## PROBLEM DETAILS
Both the line containing "Senior woman styled" and the line containing "Caticorn Coloring Page" belong to the span. Output exactly that span from the listing below, and nothing outside it.

## EXERCISE INPUTS

--- START ---

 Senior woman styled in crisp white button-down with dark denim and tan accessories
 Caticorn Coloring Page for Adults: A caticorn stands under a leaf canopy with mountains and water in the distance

--- END ---
--- START ---

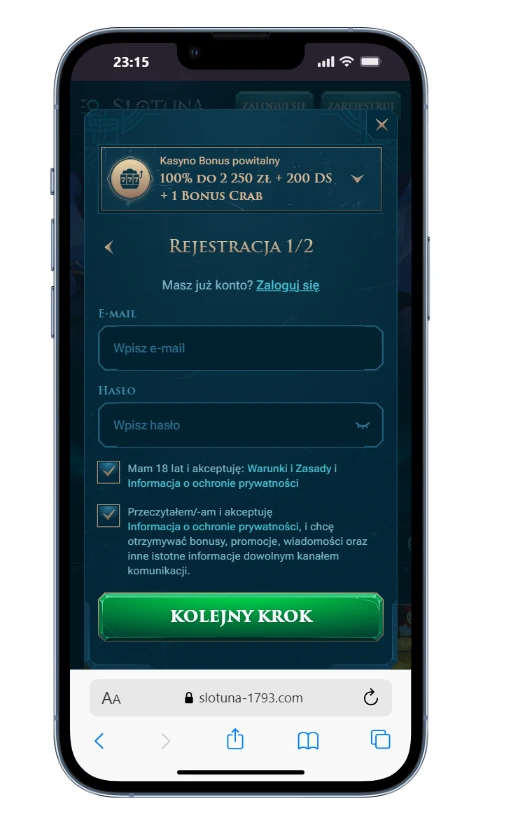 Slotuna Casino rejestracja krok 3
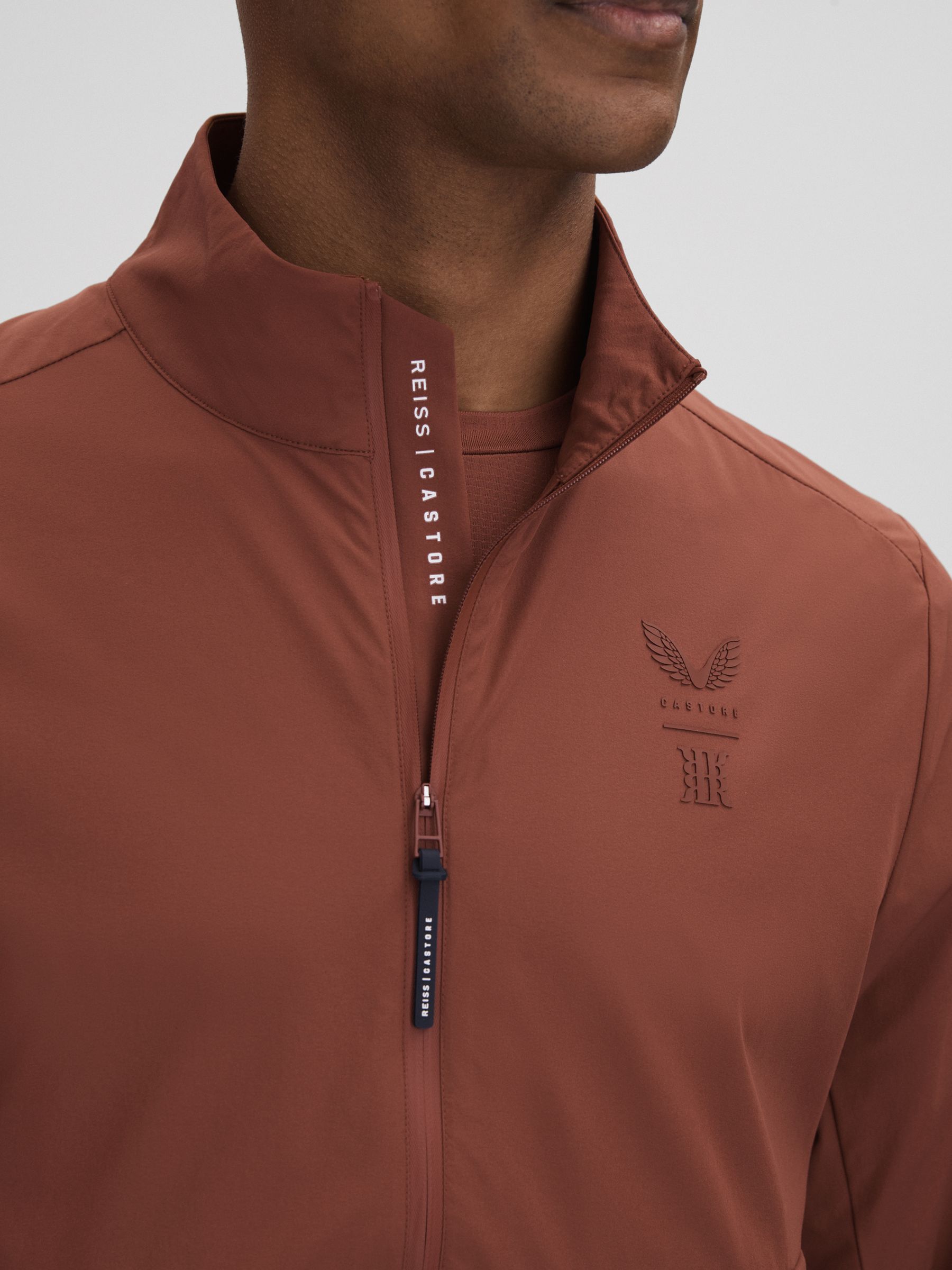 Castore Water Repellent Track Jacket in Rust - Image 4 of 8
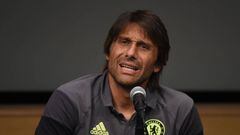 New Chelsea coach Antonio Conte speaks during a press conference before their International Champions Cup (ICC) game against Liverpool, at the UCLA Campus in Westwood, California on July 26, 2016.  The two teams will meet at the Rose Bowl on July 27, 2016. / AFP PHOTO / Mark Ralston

--- END ---
--- START ---

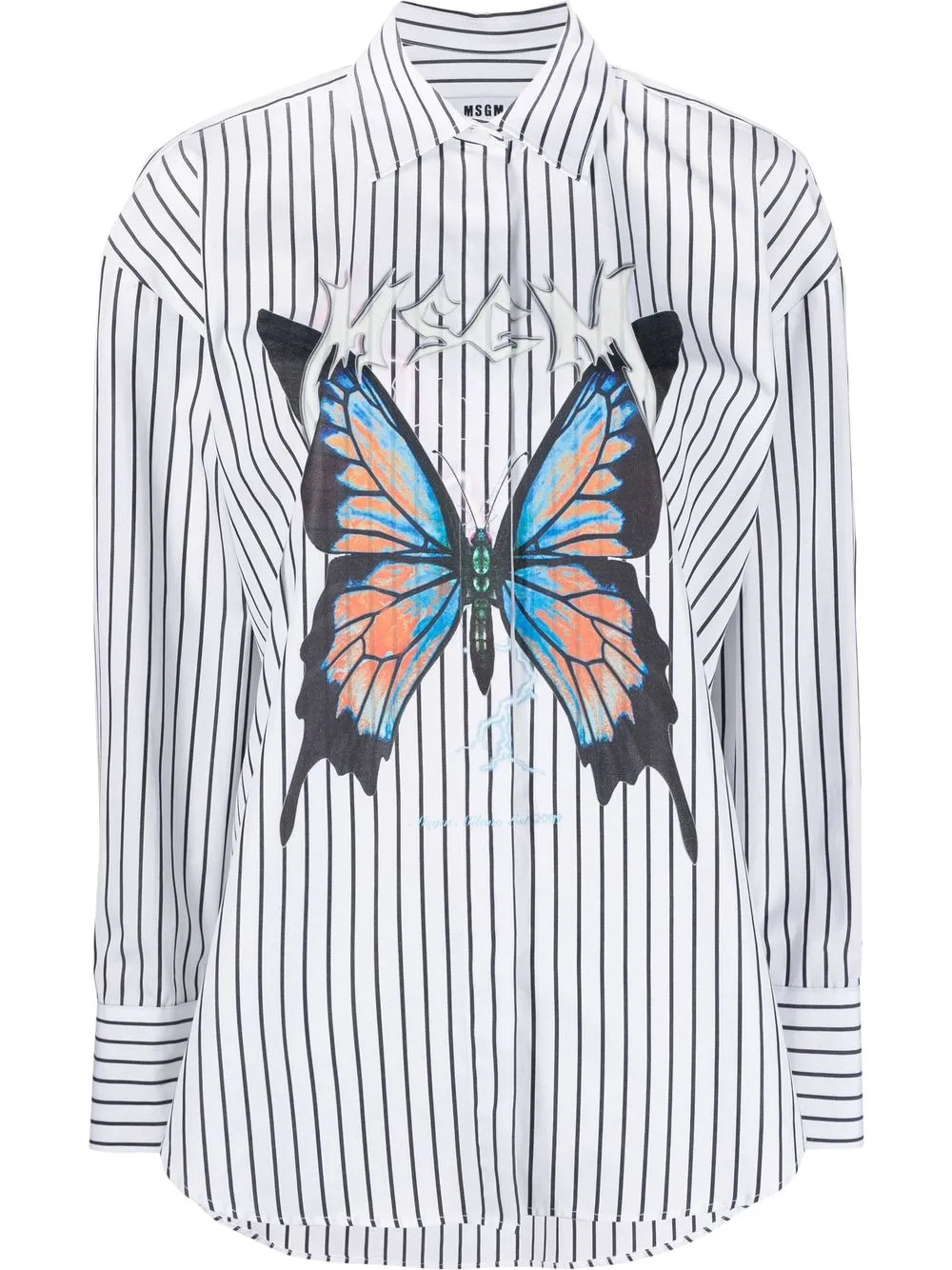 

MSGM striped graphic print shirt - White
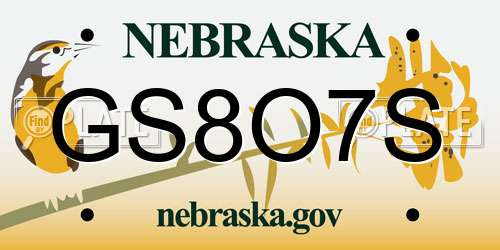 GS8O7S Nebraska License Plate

--- END ---

## RESPONSE TO THIS EXERCISE
 Senior woman styled in crisp white button-down with dark denim and tan accessories
 Caticorn Coloring Page for Adults: A caticorn stands under a leaf canopy with mountains and water in the distance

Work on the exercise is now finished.